Les sentiments peuvent terriblement nous faire souffrir. Tellement, que nous voudrions ne plus rien ressentir. Je suis prêt à parier que c’est en partant d’un constat que nous ressentons tous un jour que le scénariste dû avoir l’idée de ce film. Mais comme tellement de films à fort potentiel, Equals se laisse aller à de trop nombreux moments creux et ne nous offre aucune réponse. Qui donc a décidé de modifier les individus pour qu’ils ne puissent plus rien ressentir ? Pourquoi n’y-t-il aucune résistance à la manière d’un Equilibrium ? En bref l’humanité s’est totalement laissé aller et a accepté de détruire les sentiments. Mais finalement, qui donc dirige ce monde ? De ce monde aseptisé, globalement nous n’aurons aucune autre vision que l’appartement du protagoniste, de son lieu de travail et du métro. Des lieux blancs et tellement propres qu’ils feraient pâlir d’envie n’importe quel parisien prenant quotidiennement le métro.
Le film d’ouvre sur l’appartement de Silas et nous montre le début de sa journée. Ce qui frappe, c’est finalement la présence d’une seule et unique musique : la suite orchestrale n°3 de Bach. Bon je pense que même le plus mélomane vous dira qu’il y a mieux pour vous donner la pêche dès le matin. Alors que mettre un bon petit rock et utiliser sa pomme de douche comme micro symbolique aura beaucoup plus d’effet.

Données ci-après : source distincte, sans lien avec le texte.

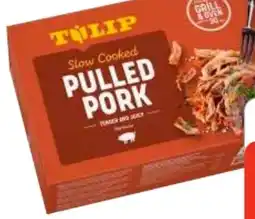 Edeka Tulip Pulled Chicken Angebot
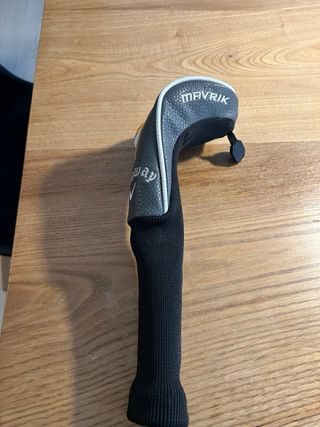Hibrido 3 callaway mavrik pro
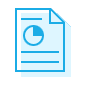 Easily Exportable Reports - icon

Ce début de film nous permet donc découvrir un monde terriblement stérile, où le contact physique, le toucher ou encore la manifestation d’émotions sont inexistants. Dans le train, chacun est assis devant un écran grâce auquel il peut s’abreuver des informations données par ce qui semble diriger le monde, à savoir « Le Collectif ». Le petit soulagement est que la Terre semble débarrassée d’Hanouna et de ces autres émissions de télé-réalité siphoneuses d’intelligence. Bon par contre niveau informations, cela restera assez pauvre : uniquement focalisées sur un terrible mal appelé SOS ou Syndrome d’Ouverture du Signal. Grosso modo, au lieu d’être des huîtres sentimentales (je m’excuse par avance auprès de toutes ces pauvres huîtres sans défense) des êtres humains vont découvrir les sentiments. Une véritable horreur, résultat, ces individus sont traités comme des pestiférés et sont, au final, dirigés gentiment vers un centre appelé DEN où ils suivront une cure de suppression émotionnelle. Bon il semblerait qu’il s’agisse d’une suppression au sens strict. La belle utopie se doit d’être irréprochable, des bâtiments jusqu’aux individus eux-mêmes.

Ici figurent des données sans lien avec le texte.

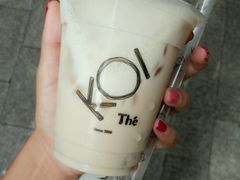 -Koi thé(水坑尾街店)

Peu après on apprend qu’il existe un lieu appelé « La Péninsule » où vivraient de véritables dépravés sentimentaux considérés comme des déficients primitifs totalement soumis à leurs émotions et pulsions. Rien ne vaut une belle caricature pour montrer que ces vestiges d’un passé lointain doivent rester loin, très loin de cette belle utopie.

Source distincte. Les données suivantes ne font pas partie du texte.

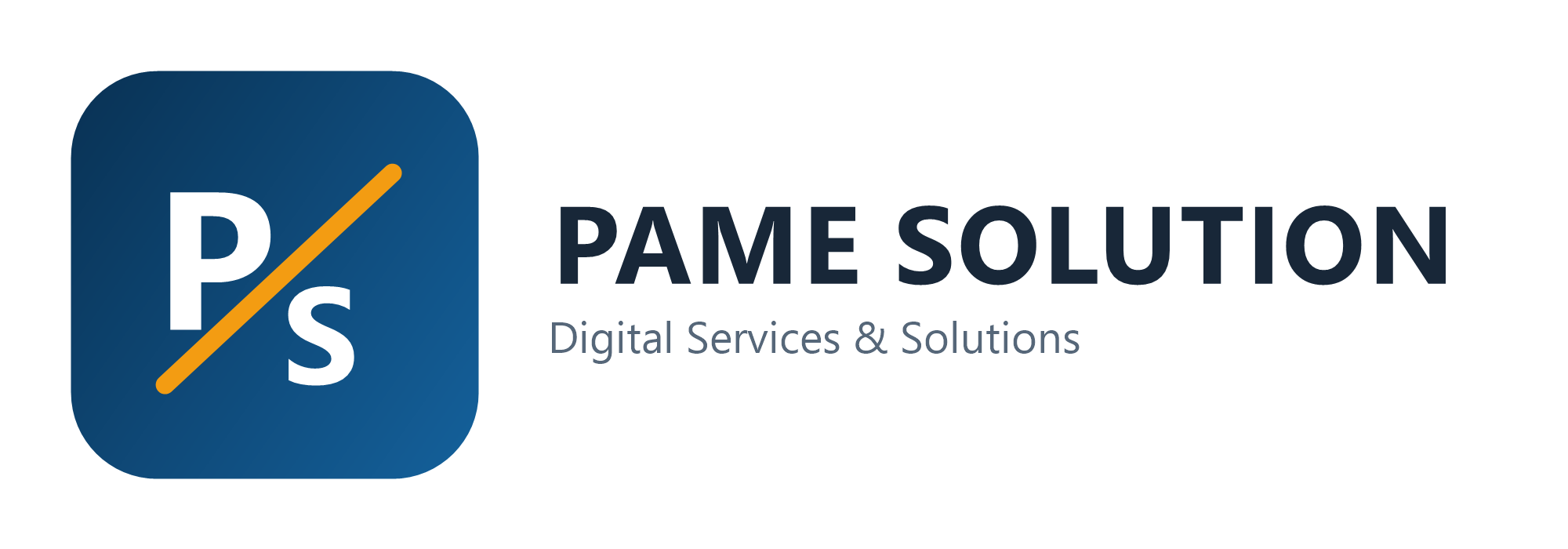 Services Informatiques : PAME SOLUTION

Le travail semble toujours se dérouler dans la bonne humeur dans un silence religieux. Les repas se déroulent dans le même genre d’atmosphère, avec des plats que ce cher Tricatel de l’Aile ou la Cuisse ne renierait pas. Je m’étonne d’ailleurs qu’un Jean-Pierre Coffe n’ait pas crié au scandale en balançant son plateau tout en vociférant un « c’est d’la merde » qui aurait été bien accueilli. Soudain un individu qui nous est inconnu, mais dont l’identité nous est totalement indifférente, ose discuter de choses qui sont….Comment dire…creuses. Du type qu’une certaine Iris a fait des choses sales avec un homme et a eu un marmot malformé dans des termes qu’on pourrait retrouver directement dans la bouche d’un Sheldon Cooper. Oui il semblerait que le sexe soit devenu quelque chose de sale et ne serve plus qu’à la reproduction, à mon avis Jacquie et Michel ont dû faire faillite.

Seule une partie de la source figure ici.